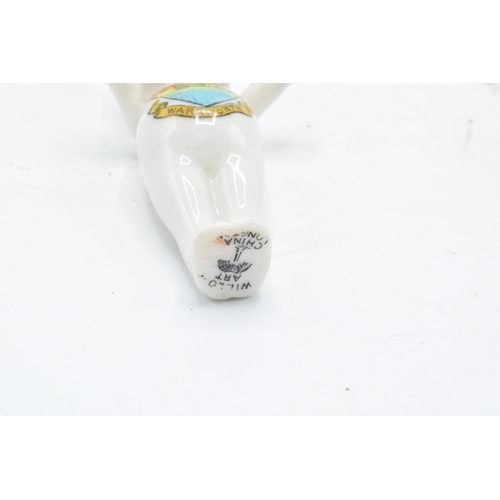 80 - A pair of Crested China items to include a Willow Art Kewpie with Warkworth crest together with a Br... 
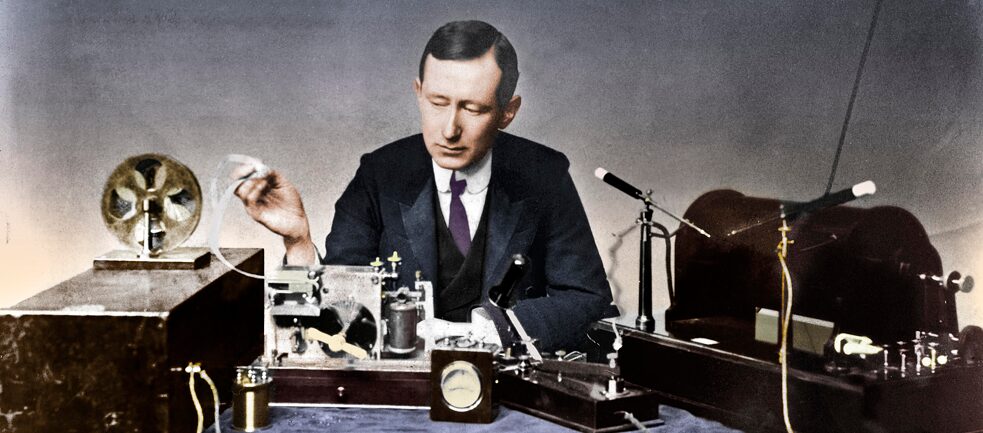 L'ingénieur italien Guglielmo Marconi tente en 1902 une première transmission radio transatlantique  – en code Morse ! Marconi, avec un émetteur radio et un manipulateur Morse (photographie non datée). 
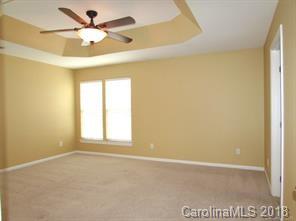 149 Snead Road, Unit 70 Fort Mill, SC 29715 - Photo 10 of 15 an empty room with a window and a fan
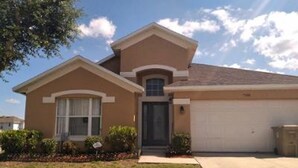A two-story house with a front garage, a small porch, and a well-maintained lawn. - Entire house w/ heated  pool-10 minutes from Disney parks. (Kissimmee)
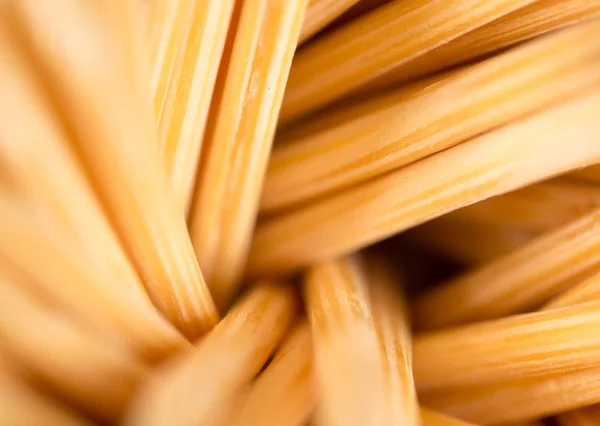 Toothpicks on a blue background. macro — Stock Photo, Image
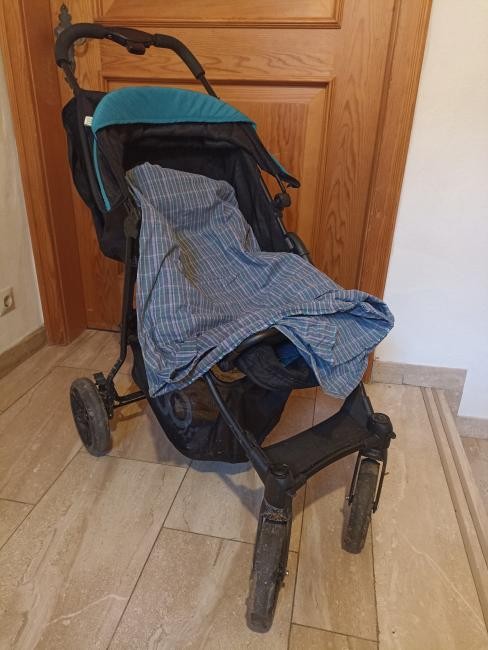 Foto eines schwarzen Kinderwagens mit blau-karrierter Decke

:::::

◆ **Exercise brief**
Retype the data exactly as it stands, but keep the images out of your copy.

◆ **Solution**
 80 - A pair of Crested China items to include a Willow Art Kewpie with Warkworth crest together with a Br... 
 L'ingénieur italien Guglielmo Marconi tente en 1902 une première transmission radio transatlantique  – en code Morse ! Marconi, avec un émetteur radio et un manipulateur Morse (photographie non datée). 
 149 Snead Road, Unit 70 Fort Mill, SC 29715 - Photo 10 of 15 an empty room with a window and a fan
A two-story house with a front garage, a small porch, and a well-maintained lawn. - Entire house w/ heated  pool-10 minutes from Disney parks. (Kissimmee)
 Toothpicks on a blue background. macro — Stock Photo, Image
 Foto eines schwarzen Kinderwagens mit blau-karrierter Decke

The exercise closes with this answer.